Japan’s stock market – the world’s second largest – peaked in 1989. It has been nearly 20 years and the level of the Japanese stock market is just 20% of its peak value.
Today I looked at the education accounts I set up for my grandchildren. I use a form of buy-and-hold called “dollar cost averaging” where so many dollars per month are automatically deposited into each child’s education (529) account. Unfortunately, I don’t have the choice of following the Sage Investment Strategies Timing Model. Instead, the deposits are invested in a “target date” fund that is automatically adjusted to invest more conservatively as the child’s 18th birthday approaches. My grandkids’ accounts have lost more than 35% of their value and I wonder how long it will take those accounts to break even. Maybe they will never make any money, depending on how many years it takes the market to come back.
The only way I have ever consistently made money in the market is to unemotionally follow my own mechanical timing model. Before developing my model I tried others’ timing models and was not happy with the results I got. The owners didn’t explain the model’s historical drawdown or standard deviation – only how much money I could have made if I had only been smart enough to find them 20 years ago. After following their timing signals I took a bloodbath when the market turned. I found out the hard way that their positions were too concentrated – not well diversified – and that the portfolio value could fluctuate wildly.

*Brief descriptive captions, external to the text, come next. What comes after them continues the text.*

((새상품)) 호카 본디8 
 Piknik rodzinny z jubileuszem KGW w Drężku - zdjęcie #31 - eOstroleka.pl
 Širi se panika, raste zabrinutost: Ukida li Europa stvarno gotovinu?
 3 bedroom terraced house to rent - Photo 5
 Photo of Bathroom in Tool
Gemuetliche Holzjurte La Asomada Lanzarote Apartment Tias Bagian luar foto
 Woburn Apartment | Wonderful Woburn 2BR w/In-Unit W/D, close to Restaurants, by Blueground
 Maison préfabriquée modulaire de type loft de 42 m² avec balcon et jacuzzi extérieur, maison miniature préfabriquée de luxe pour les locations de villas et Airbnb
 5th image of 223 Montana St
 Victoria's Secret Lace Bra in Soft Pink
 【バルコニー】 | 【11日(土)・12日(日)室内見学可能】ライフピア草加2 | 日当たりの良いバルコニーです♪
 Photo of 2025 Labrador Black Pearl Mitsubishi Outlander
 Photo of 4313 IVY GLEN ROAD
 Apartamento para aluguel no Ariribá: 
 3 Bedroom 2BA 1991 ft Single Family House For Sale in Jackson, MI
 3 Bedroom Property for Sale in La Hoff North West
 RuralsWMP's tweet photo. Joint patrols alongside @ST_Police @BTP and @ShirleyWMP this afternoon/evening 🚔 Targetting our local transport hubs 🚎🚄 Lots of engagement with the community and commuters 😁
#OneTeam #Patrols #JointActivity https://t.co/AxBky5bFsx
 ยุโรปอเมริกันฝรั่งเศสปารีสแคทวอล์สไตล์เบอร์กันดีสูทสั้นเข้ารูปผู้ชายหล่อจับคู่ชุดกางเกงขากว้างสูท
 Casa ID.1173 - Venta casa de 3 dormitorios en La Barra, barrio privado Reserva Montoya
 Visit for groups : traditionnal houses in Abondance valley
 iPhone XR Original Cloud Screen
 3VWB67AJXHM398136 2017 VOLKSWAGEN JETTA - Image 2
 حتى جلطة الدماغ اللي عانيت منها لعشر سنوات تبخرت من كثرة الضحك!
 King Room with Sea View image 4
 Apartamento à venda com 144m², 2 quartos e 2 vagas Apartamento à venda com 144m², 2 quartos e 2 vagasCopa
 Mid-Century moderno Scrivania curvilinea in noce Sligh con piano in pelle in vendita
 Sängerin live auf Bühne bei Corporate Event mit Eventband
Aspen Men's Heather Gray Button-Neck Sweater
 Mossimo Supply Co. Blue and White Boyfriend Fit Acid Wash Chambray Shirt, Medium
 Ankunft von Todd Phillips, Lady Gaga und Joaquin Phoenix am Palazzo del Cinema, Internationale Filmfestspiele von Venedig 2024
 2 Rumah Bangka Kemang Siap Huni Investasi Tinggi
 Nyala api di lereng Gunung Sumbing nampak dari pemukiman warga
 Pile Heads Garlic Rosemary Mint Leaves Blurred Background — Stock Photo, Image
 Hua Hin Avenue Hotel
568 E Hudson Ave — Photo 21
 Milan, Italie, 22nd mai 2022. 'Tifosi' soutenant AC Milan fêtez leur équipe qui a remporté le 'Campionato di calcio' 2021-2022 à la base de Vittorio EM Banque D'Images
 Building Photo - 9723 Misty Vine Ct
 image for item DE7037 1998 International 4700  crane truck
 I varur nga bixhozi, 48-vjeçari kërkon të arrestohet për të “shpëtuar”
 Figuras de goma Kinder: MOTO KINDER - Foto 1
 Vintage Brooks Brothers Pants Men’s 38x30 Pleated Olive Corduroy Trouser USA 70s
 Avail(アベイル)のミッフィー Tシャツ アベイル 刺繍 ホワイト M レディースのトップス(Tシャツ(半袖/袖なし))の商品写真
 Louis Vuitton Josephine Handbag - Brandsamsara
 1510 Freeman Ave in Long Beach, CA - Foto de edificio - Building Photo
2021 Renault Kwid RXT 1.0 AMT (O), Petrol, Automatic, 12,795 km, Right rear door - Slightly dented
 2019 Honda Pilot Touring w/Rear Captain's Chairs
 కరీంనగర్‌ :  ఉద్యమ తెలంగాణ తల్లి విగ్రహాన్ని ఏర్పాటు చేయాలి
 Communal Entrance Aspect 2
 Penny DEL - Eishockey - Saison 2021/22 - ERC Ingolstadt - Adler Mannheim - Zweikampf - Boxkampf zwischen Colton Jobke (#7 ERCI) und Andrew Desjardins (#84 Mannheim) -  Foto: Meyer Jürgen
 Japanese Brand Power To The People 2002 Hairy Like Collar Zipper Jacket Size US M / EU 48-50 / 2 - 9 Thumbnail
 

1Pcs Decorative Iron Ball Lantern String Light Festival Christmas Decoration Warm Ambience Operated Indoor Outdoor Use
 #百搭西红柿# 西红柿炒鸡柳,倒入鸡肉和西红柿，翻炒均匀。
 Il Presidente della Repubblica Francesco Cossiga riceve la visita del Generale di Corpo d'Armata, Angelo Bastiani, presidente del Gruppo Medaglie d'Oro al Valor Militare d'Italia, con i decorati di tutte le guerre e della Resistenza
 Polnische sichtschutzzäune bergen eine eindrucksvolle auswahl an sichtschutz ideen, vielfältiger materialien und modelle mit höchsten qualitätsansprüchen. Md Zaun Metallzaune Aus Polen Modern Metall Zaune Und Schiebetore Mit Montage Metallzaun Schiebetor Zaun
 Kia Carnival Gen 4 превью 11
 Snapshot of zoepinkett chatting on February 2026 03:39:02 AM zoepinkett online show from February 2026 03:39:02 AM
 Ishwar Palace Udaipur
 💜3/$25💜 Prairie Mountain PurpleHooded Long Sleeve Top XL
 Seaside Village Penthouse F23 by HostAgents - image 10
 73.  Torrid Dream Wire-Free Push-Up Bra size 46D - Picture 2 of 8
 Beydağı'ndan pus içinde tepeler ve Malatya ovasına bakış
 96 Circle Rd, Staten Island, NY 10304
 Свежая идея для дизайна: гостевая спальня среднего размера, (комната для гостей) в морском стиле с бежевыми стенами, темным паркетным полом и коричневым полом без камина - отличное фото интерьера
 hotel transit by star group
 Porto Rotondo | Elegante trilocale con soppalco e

Once again I learned the old saying “Patience is a virtue.”
I’m not implying that my mechanical timing model is a get-rich-quick scheme – it’s not – although looking at the recent results of the SIS Long & Short Portfolio strategy one might get a different idea! What I like about the Sage Investment Strategies model portfolios is that I sleep soundly at night without worrying about my investments. I used to worry a lot about our financial future every time a market downturn came along and we lost money.
I never had confidence in buy-and-hold as a strategy. I never had confidence in the market timing strategies of others that I tried. And I quickly lost confidence in the professional money managers I hired because they didn’t seem to do any better than me! But I am so confident in the Sage Investment Strategies Timing Model – or SISTM as I call it – that I use it to manage 100% of my own, my wife’s and my 87-year old widowed mother’s investments.
As much as it takes discipline and patience to follow a buy-and-hold strategy without wavering, one must possess the same virtues to follow a mechanical timing model. Some subscribers may be tempted to second-guess the model, especially if the SISTM generates a signal contrary to what they are feeling or expecting. Or perhaps they are following one of the SIS (Sage Investment Strategies) portfolios but maybe its performance is lagging behind other SIS portfolios or the benchmarks.
While it takes virtues of both discipline and patience to stay the course with whatever strategy one follows, I take great comfort in following a system that won’t take 25 years to break even.